The Trimmed Mean therefore provides a clearer guide on underlying inflationary pressures that are not influenced by the government cost-of-living measures. Thus, the 0.5% increase in the December quarter represents a genuine step down in the pace of core inflation (see tables over).
Housing key to core disinflation
In the December quarter, dwelling prices fell –0.2% taking the annual pace down to 2.9%yr from 4.8%yr in September and a recent peak of 20.7% in September 2022. As noted by the ABS, this is not due to any cost-of-living or home buyer assistance, but rather it “reflects project home builders increasing incentives and promotional offers to entice new business in a subdued new home market”. Remember dwelling prices in CPI measure the cost of constructing or renovating a dwelling, including builders margins, so prices can fall as margins are compressed – even if input costs such as materials or wages are not falling.

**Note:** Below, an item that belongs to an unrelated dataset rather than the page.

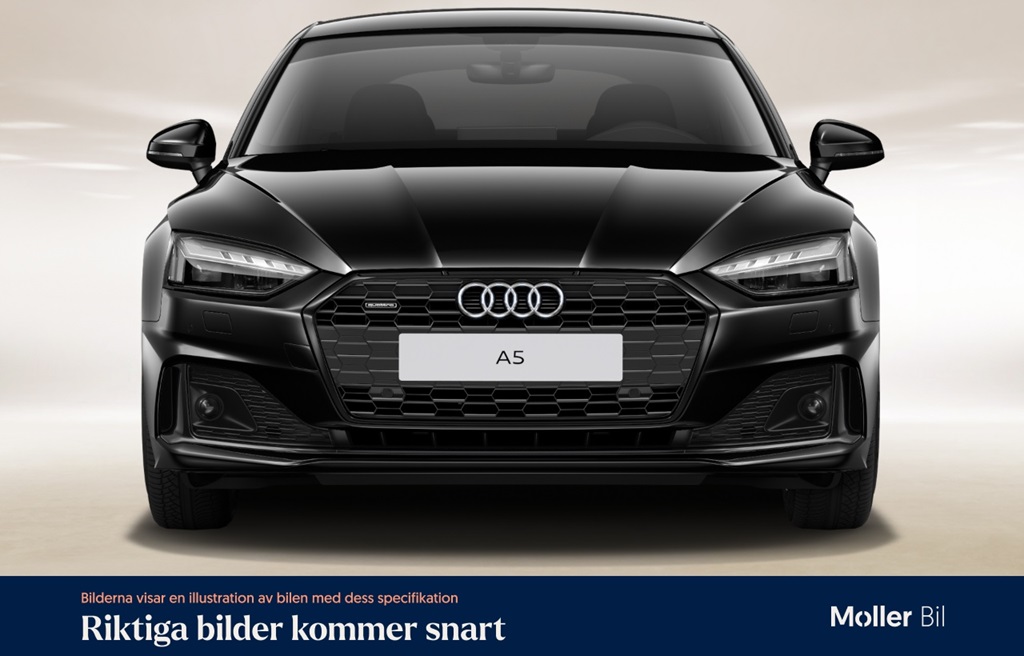 Audi A5 Sportback MLL83C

Westpac is forecasting dwelling inflation to continue easing from here, falling to a nadir of 1.2%yr in December 2025. December’s Monthly CPI Indicator revealed that dwelling prices rose just 0.1%mth, on par with the flat average of the previous six months. In the six months to December 2023, dwelling prices rose an average of 0.5% per month and our forecast to June 2025 is an average of 0.2% per month over six months.
Rents gained 0.6% in the December quarter, the softest quarterly increase since December 2021. The ABS noted that the “maximum rate available for Commonwealth Rental Assistance (CRA) increased by 10% on 20 September 2024, in addition to the usual biannual CPI indexation on 20 March and 20 September each year.
This follows an additional increase to CRA maximum rates of 15% in September last year.” We estimate that without the additional increase in assistance, rents would have increased 1.5% in the December quarter. Regardless, this still represents a step down in the pace of rental inflation compared to the 1.6% increase in September (1.8% without the rental assistance increase). The pace of rental inflation has clearly taken a step down, and the ongoing moderation in asking rents inflation alongside slower population growth suggests this should persist through 2025.
The annual pace of rental inflation was 6.4%yr in the December quarter, down from 6.7%yr in September and the recent peak of 7.8%yr in March 2024. Westpac is forecasting rental inflation to fall to around 4%yr through 2026.
Our inflation profile has been marked down
Our preliminary estimate for the March quarter is 0.5%qtr/2.0%yr. Our Trimmed Mean estimate is also 0.5%qtr/2.7%yr. Excluding the cost of living measures we estimate a 0.6%/2.6%yr increase in the CPI. As before, we do not see cost-of-living measures as having a meaningful impact on our Trimmed Mean estimate.
Late last year, our forecast for the March quarter CPI and Trimmed Mean was 0.7%qtr/2.2%yr and 0.7%qtr/3.0%yr respectively. The Q4 CPI report subsequently revealed that a broad moderation in inflation seen through the final months of the year, which we anticipate will continue into 2025. As such, we have marked down our estimate for CPI inflation at the June quarter 2025 to 1.7%yr (it was 1.9%yr prior) and 2.4%yr for the Trimmed Mean (it was 2.8%yr prior). Key to this moderation in core inflation has been the moderation in housing costs excluding energy.

Lunatic RBA has overdone it again. The cost of living measures will sure and shit impact the trimmed mean when the headline is running at 1.7% and collapsing administered prices (20% of CPI) over 25/26.
While wage growth keeps draining away.